‘The Handmaid’s Tale’: Joseph Fiennes Was ‘Staunchly Against’ a Fred Redemption Arc — Will Serena Joy Get One?
At long last, Fred Waterford got his just desserts. The Handmaid’s Tale Season 4 finale saw Fred meet his grizzly end at the hands of June and other ex-Handmaids. While viewers hoped for this for the entire series, the show made a habit of humanizing its villains. This treatment was most consistently given to Serena Joy. And the beginning of The Handmaid’s Tale Season 4 Episode 10 implied she and Fred would actually have the privilege of getting a normal life in Canada. Thankfully, that wasn’t in the cards for the Commander. And actor Joseph Fiennes couldn’t be happier about it.
[Spoiler alert: This article contains spoilers for The Handmaid’s Tale Season 4.]
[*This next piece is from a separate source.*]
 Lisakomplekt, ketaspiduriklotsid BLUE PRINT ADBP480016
Fred knew he was a monster, Joseph Fiennes says
Fiennes doesn’t like Fred anymore than viewers do. In an interview with Vanity Fair, the actor explained why it was so important not to let a repeated abuser like Fred be reframed in a sympathetic light. Of course, there are human layers to everyone. But Fred proved throughout the series — and especially in the season 4 finale — that he’s aware of the harm he’s caused and thinks he’s entitled to not suffer consequences. He said:
“In my mind, I was staunchly against him becoming enlightened. I wanted him to be the face of Gilead. Yes, we all have the potential to change, but in a regime [like Gilead] — like, think about Nazi Germany and the horrors that were perpetrated there — there’s a human monster that has to be seen and understood. I just hope that we can understand, in this case, the horror of misogyny and the patheticness of patriarchy in this extreme, and the dangers of theocracy.”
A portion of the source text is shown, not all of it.